Today was another one of those days that all ISP's dread. I am the Abuse Coordinator for a small Midwestern ISP. Several days ago we started receiving Spam Abuse reports on the IP address to our Corporate firewall. Unfortunately, the IP I discovered is blocklisted on several blocklists. I began to investigate what could be causing these reports of abuse. I reviewed the logs in the firewall and discovered that we had a couple of workstations doing some bad things. Our It techs began to look at the computers (both of which had AV installed) and discovered that we had some pretty significant infections on these computers. Both machines were pulled offline, the data backed up and the machines were formatted and reloaded. We were pretty confident that we had solved the problem and breathed, an unfortunately premature, sigh of relief.
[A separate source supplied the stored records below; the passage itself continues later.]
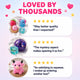Product reviews with toys and text on a light purple background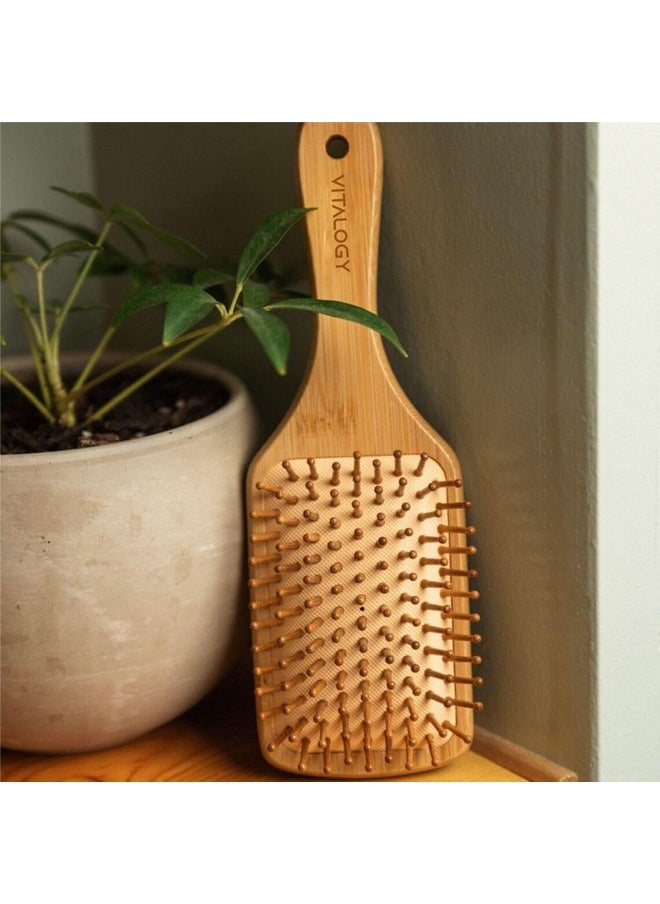 VITALOGY - Bamboo Hair Brush For Hair Growth - Eco Friendly Hair Brush Detangler - Anti-Frizz Hair Brushes With Bamboo Bristles For Massaging Scalp - Natural Wooden Paddle Brushes For Women & Men  - Image 2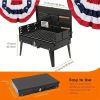 "3-in-1 Portable Charcoal Grill - Lightweight Toolbox Style Foldable BBQ for Camping Tailgating Hiking"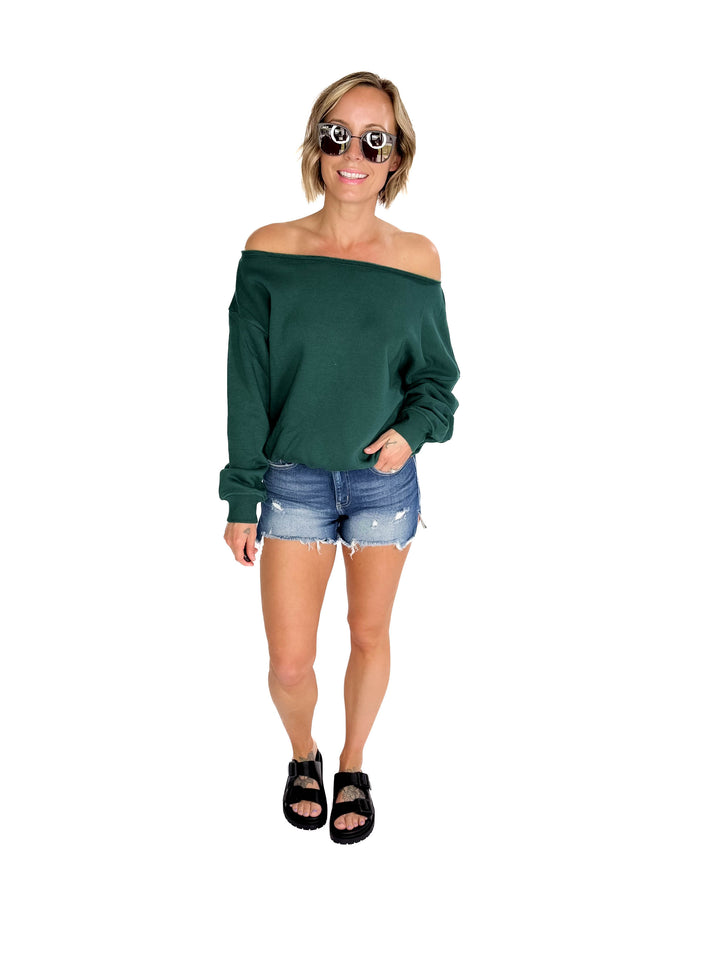 Janice Fleece Off Shoulder Top- HUNTER GREEN
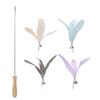 Wooden Handle Telescopic Pet Cat Funny Teaser Dangler Rod Stick with 4PCS Feather Replacement Head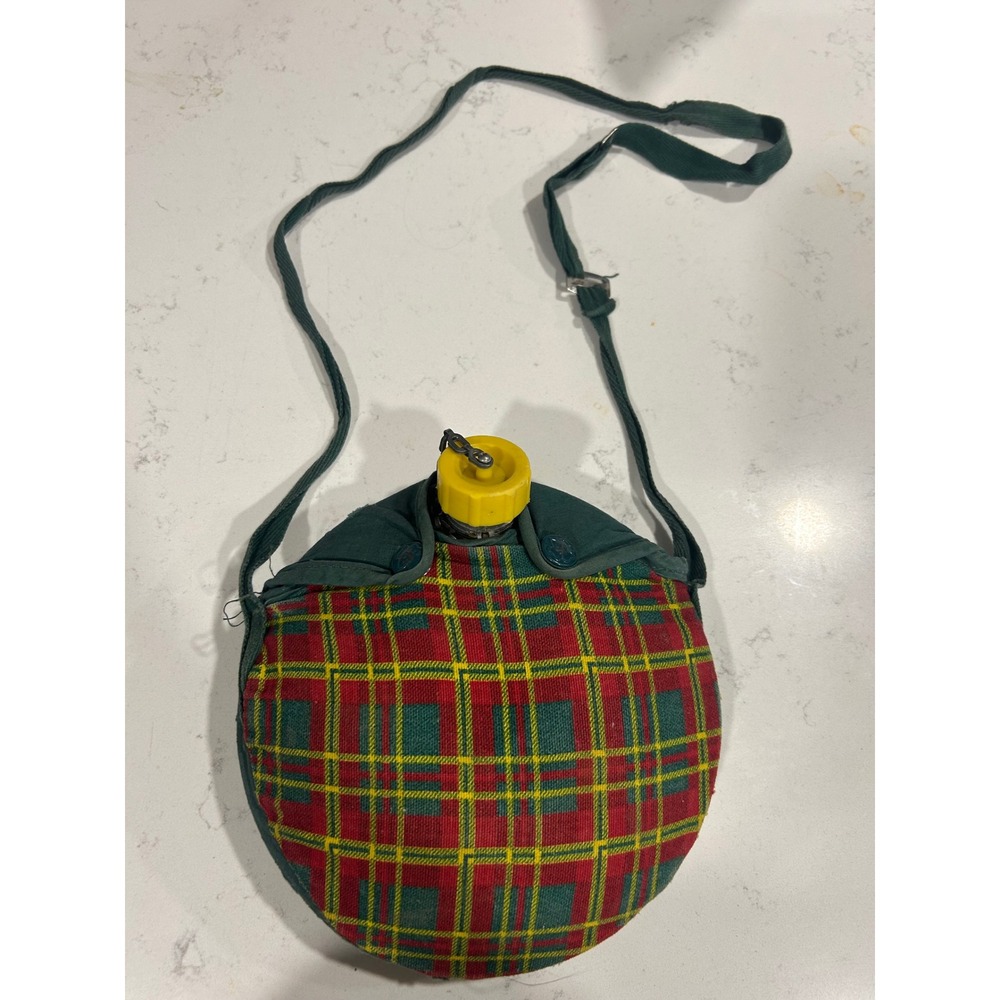 Vintage Girl Scout Canteen Water Bottle Tartan Plaid‎ Green Strap Yellow Cap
Matt McCormack Article - download.microsoft.com/download/3/8/d/.../McCormack-VB2008.pdf Trend Micro Article - us.trendmicro.com/imperia/md/content/us/pdf/.../study_of_pushdo.pdf I would be interested in hearing about other people's experiences with this Botnet and in finding out if you have any good tips for detecting and "killing" the bot. So let's hear from all of you botherders out there.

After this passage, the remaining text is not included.